Faculty Spotlight: Professor Yu Lei Inducted into AIMBE, Looks to the Future

By: Taylor Caron

Professor Yu Lei (left) with graduate students Qiuchen Dong and Xiaoyu Ma. (Peter Morenus for UConn)

Professor Yu Lei has been inducted into the American Institute of Medical and Biological Engineering for his work in biological sensor design and testing. AIMBE is a one of the most prestigious institutes for medical and biomedical engineers as it comprises of only the top 2% of professionals in the field. While he is proud of his achievements, he said he has no intention of resting on his laurels. His research is heading toward a focus on digital technology which would make biosensors more affordable for individuals.

Lei spoke of the nature of his work that AIMBE is recognizing: “AIMBE considers professionals whose accomplishments are related to medical issues.
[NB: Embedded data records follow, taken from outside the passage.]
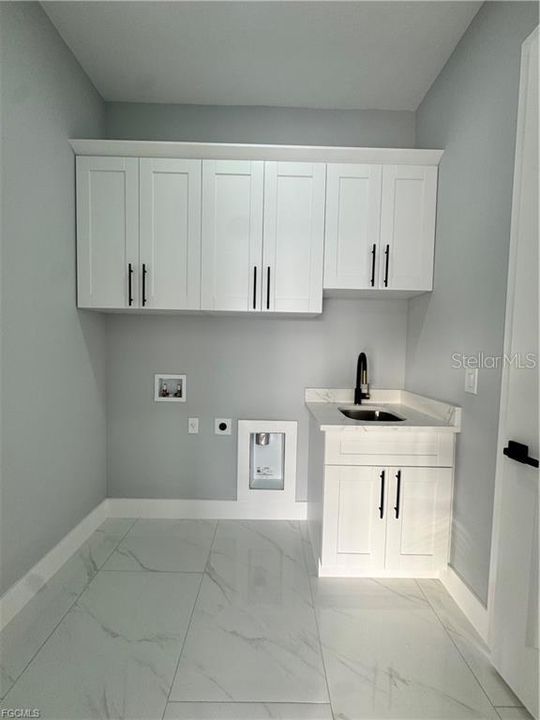 For Sale: $379,000 (4 beds, 2 baths, 1671 Square Feet)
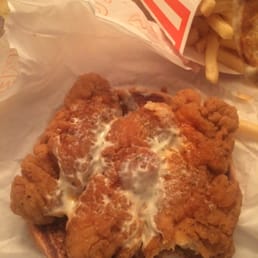 No buffalo sauce like the pics that they show advertising the lame ass burger ! No buffalo sauce like the pics that they show advertising the lame ass burger !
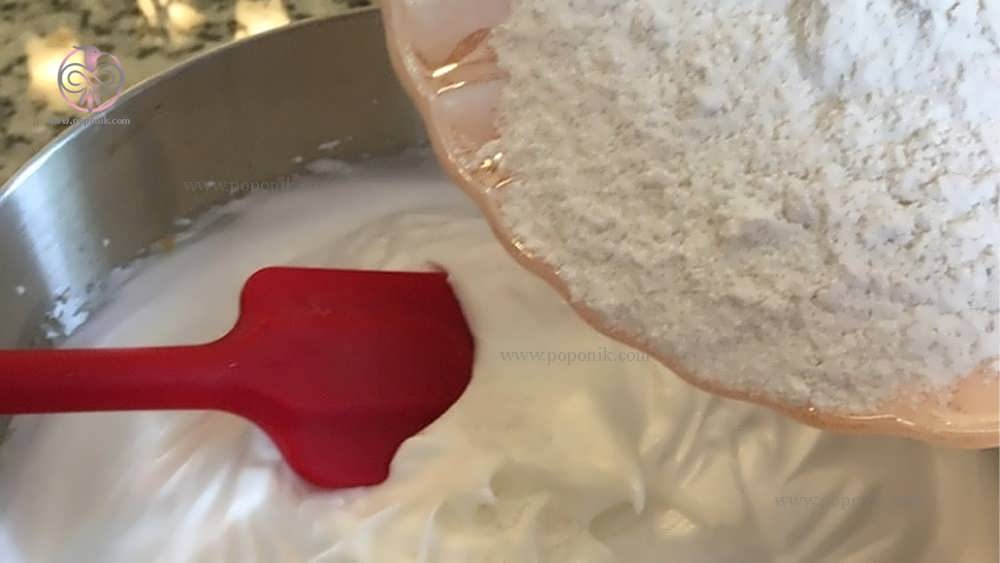 ریختن خمیر کیک درون ظرف لوله دار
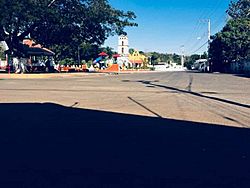 Parque principal del pueblo de Tinún.jpg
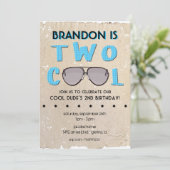 Deux Cool Invitations pour le 2e anniversaire (Debout devant)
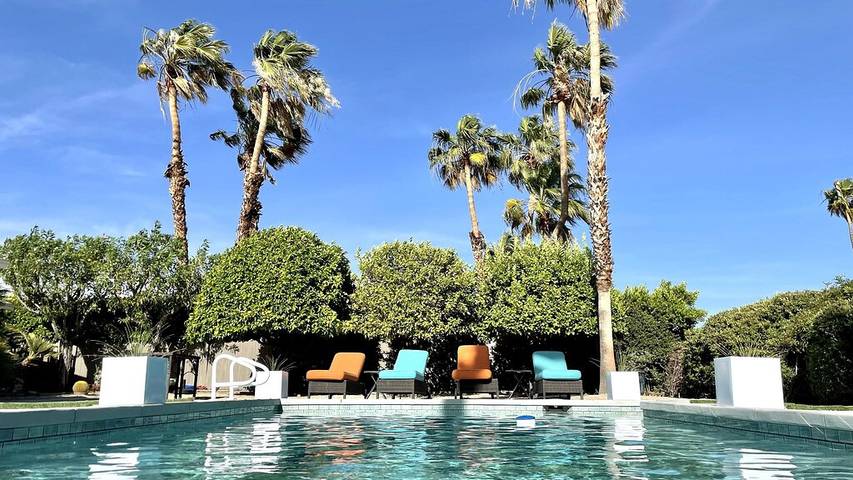 Vacation house for 6 people, with hot tub and terrace, with pets in Palm Springs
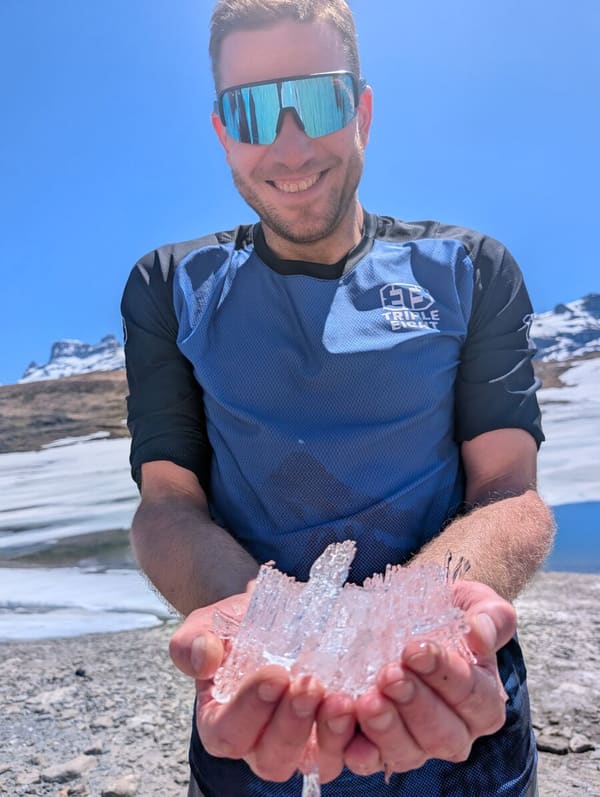 Daniel Lienau in den Bergen, lachend, mit Eiskristallen in den Händen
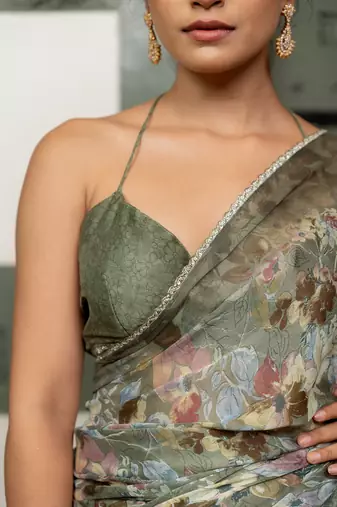 Light peach chiffon floral print lace border saree with unstiched blouse piece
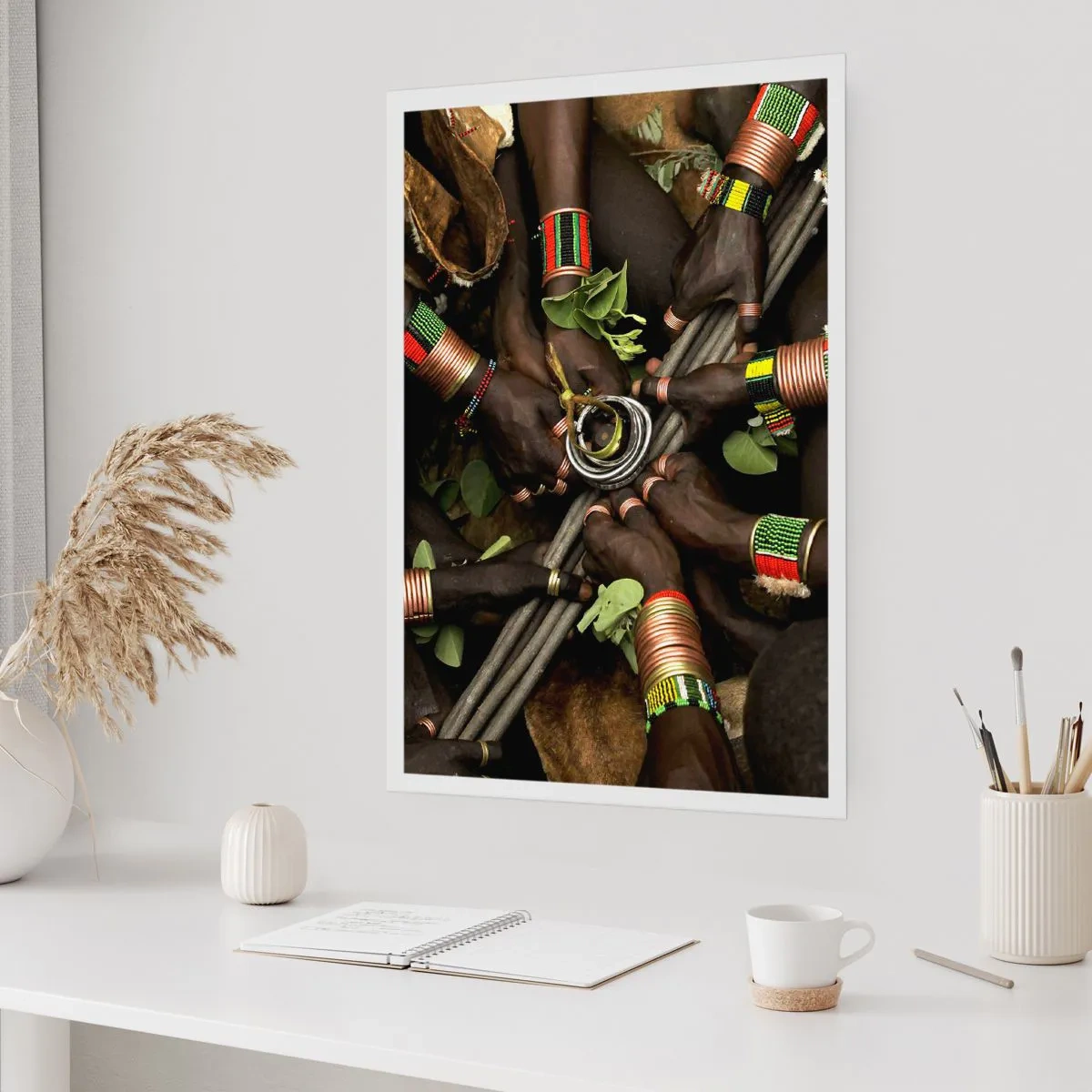 Poster - Hände in traditionellen Armbändern, als Geste der Gemeinschaft - 50x70cm - Wir sind zusammen - Moderne Wanddekoration für Wohnzimmer und Schlafzimmer ARTTOR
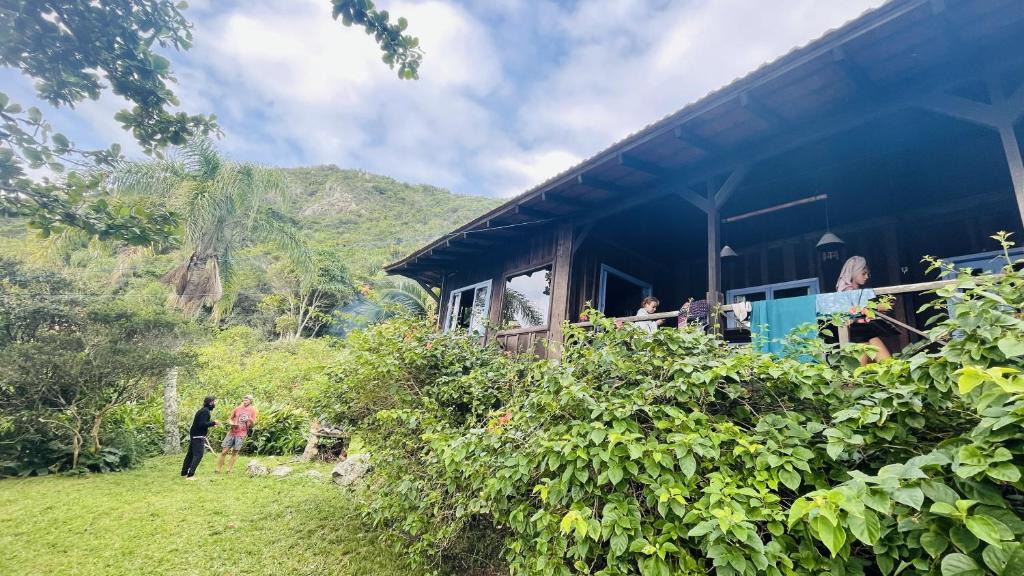 Pantano do Sul House | Casa frente pro Mar no Paraiso Praia Matadeiro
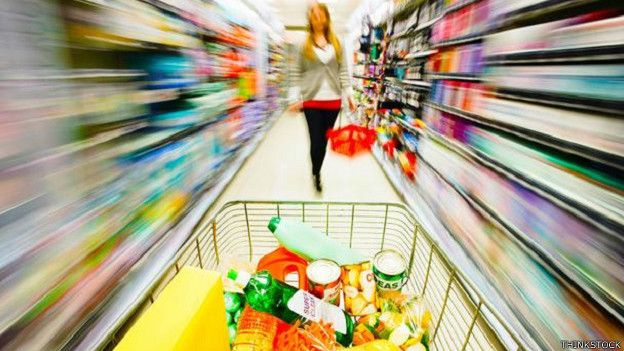 El peso del IVA: en qué países de América Latina pagamos más impuestos al hacer las compras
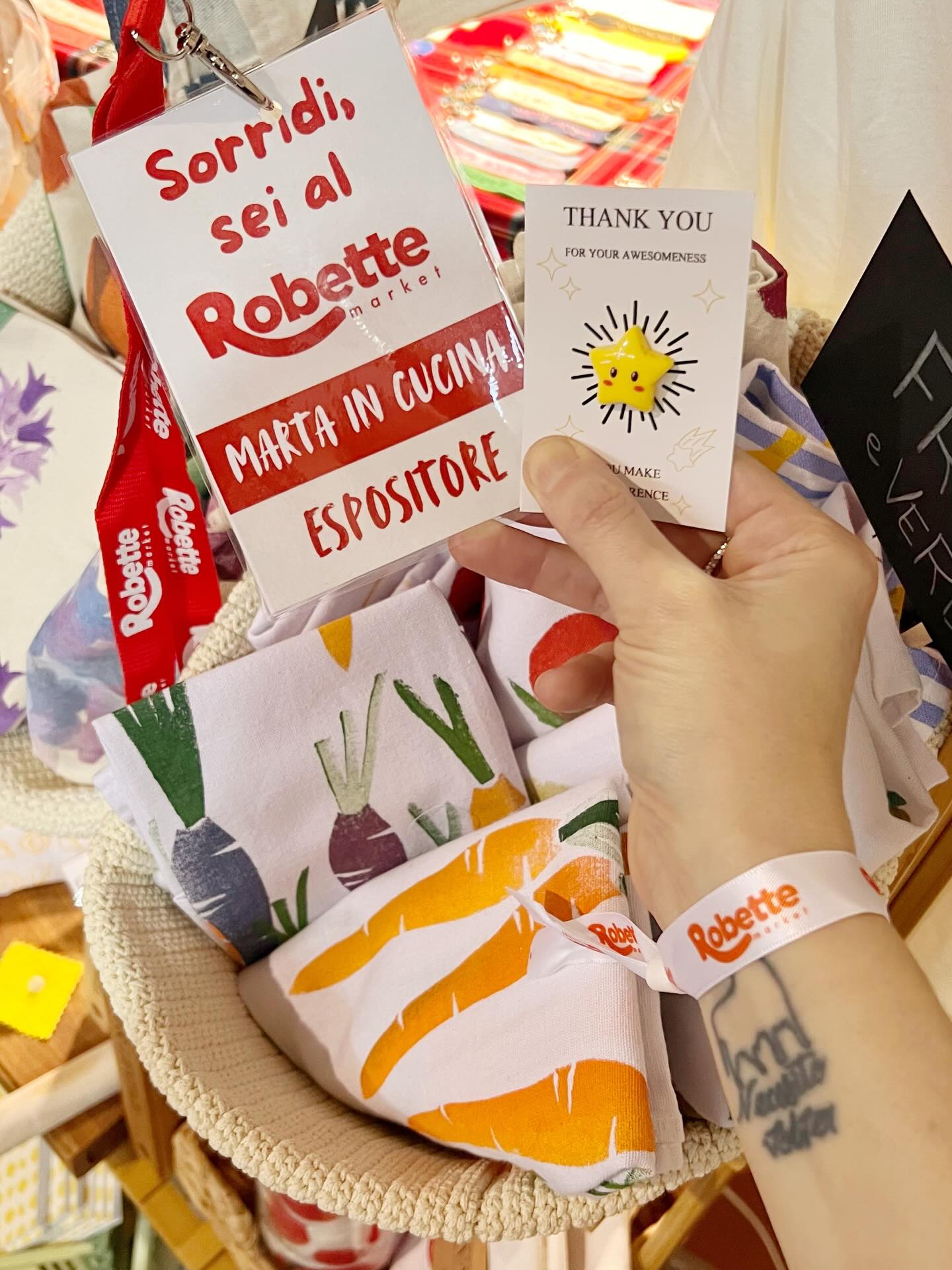 📣 PRIMO MARKET DELLA STAGIONE
Cari gentili lettori,
si apre la stagione mondan…. Ah no… si apre ufficialmente la stagione dei MARKET HAND MADE E VINTAGE!
Oggi @robettemarket fino alle 20:00
DAIIIII!! Che si sta benissimo!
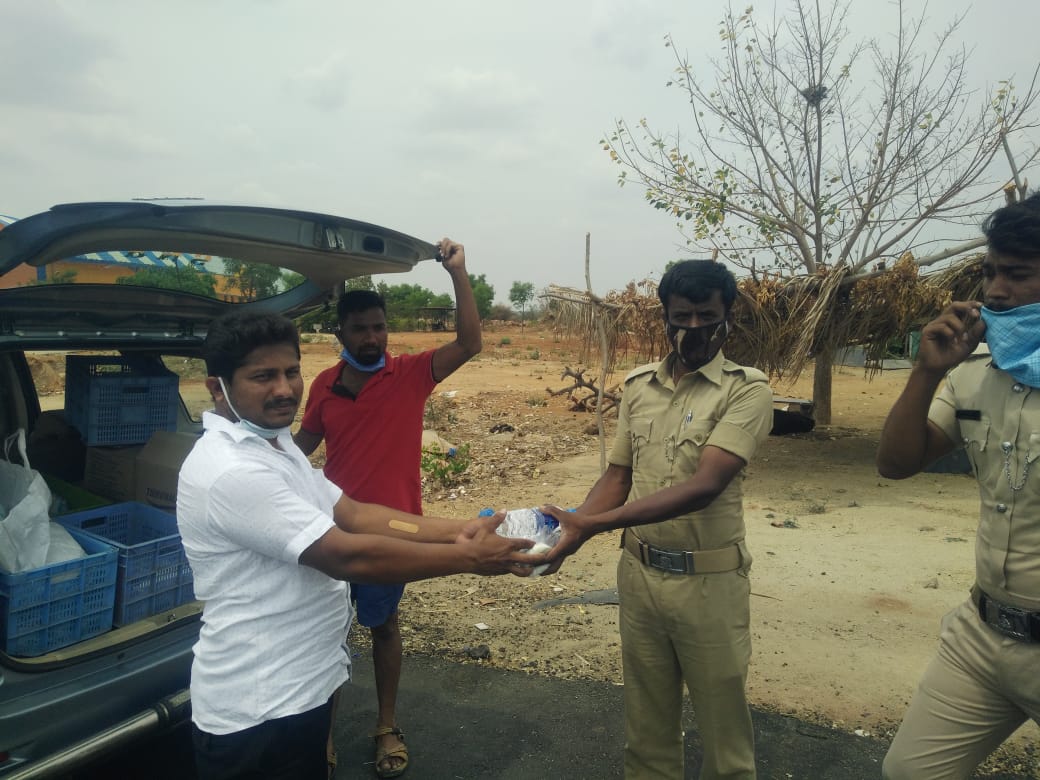 man ditstributes biriyani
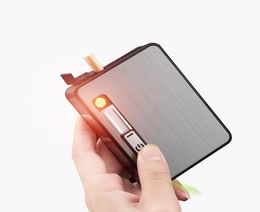 2 in 1 cigarette Case with integrated electronic lighter chargeable through USB cable either by power bank or wall socket8308658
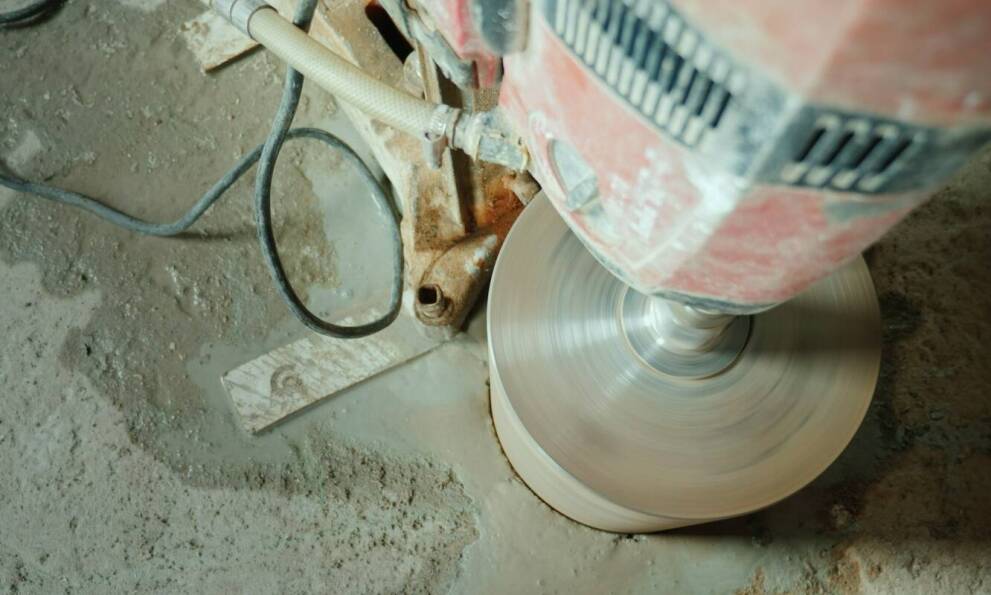 Jak przygotować powierzchnię pod żywiczne posadzki?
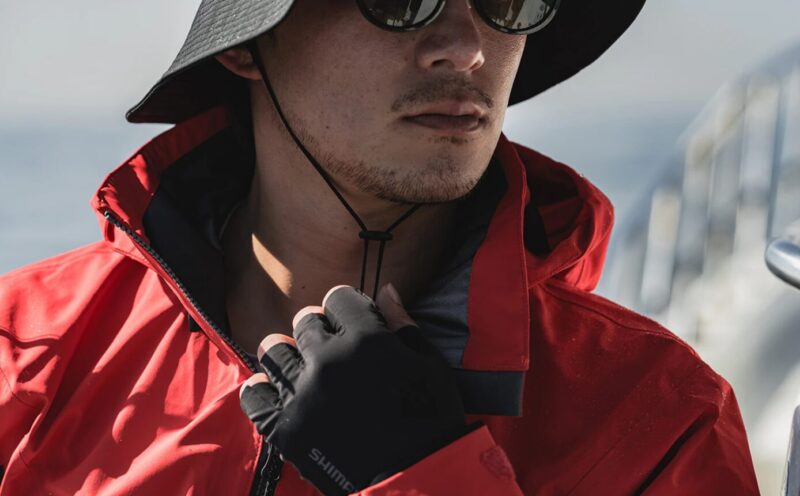 顎紐はシリコンパーツで調整可能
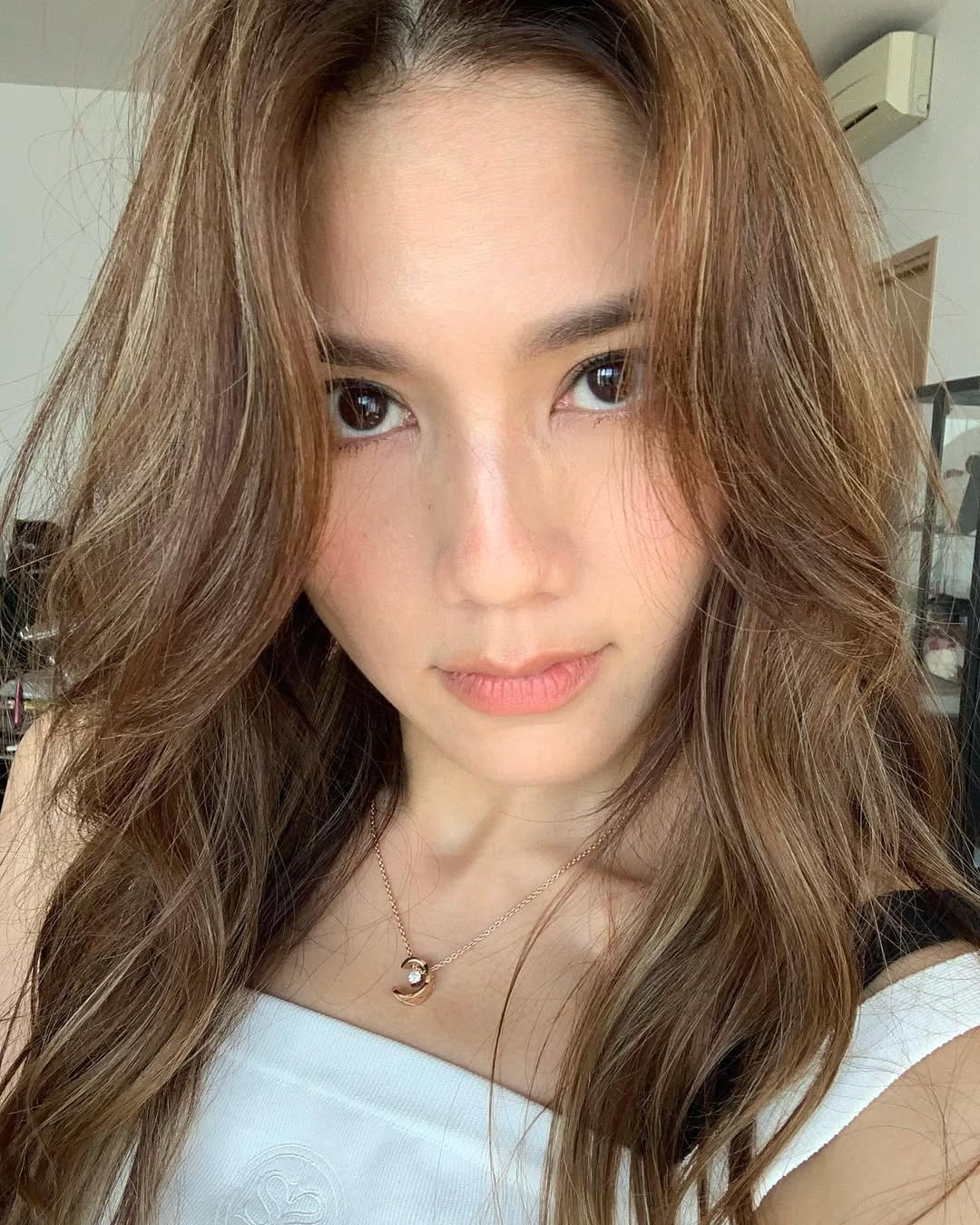 只要透過正確的保養習慣、抗皺護膚步驟以及適當的按摩和營養飲食補充,可以延緩、擺脫抬頭紋!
It has always been my desire to work toward innovating more effective and affordable tools for medical professionals which is why this is so rewarding,” he said.

Lei has been credited with adapting the traditional area of electrochemistry for nanoscale structures for not only sensing, but also for applications in biocatalysis and chemical catalysis. The institute recognizes him as the pioneer in developing nanostructured metal oxide based enzymatic and non-enzymatic glucose biosensors with strong success in combating diabetes. AIMBE has seen these achievements, among others, as seminal advancements in public health.


He spoke about the process of induction which includes nomination, rigorous screen testing, and voting by the College of Fellows. He said there must be an affirmative vote of at least 74.5% in order to be inducted.


“It was certainly surprising to know that so many of AIMBE’s incredibly prestigious College affirmed my induction, but also was an excellent feeling that all this hard work paid off,” he said.

According to Lei, a professional network of AIMBE’s stature can significantly promote and advance a researcher and their university. He said that UConn is increasingly becoming a more recognized and accolated research university, and that being able to represent the Chemical Engineering and Biomolecular Department at AIMBE will only further highlight the program on a national level.

Lei said that networking opportunities with AIMBE can aid with research projects going forward. As previously mentioned, Lei believes the future of biosensors, a field in which he already is seen as a pioneer, needs to look to digital technology. A digital biosensor will not only be more affordable than electrochemical biosensors, but also can be more precise in detecting targeted molecules.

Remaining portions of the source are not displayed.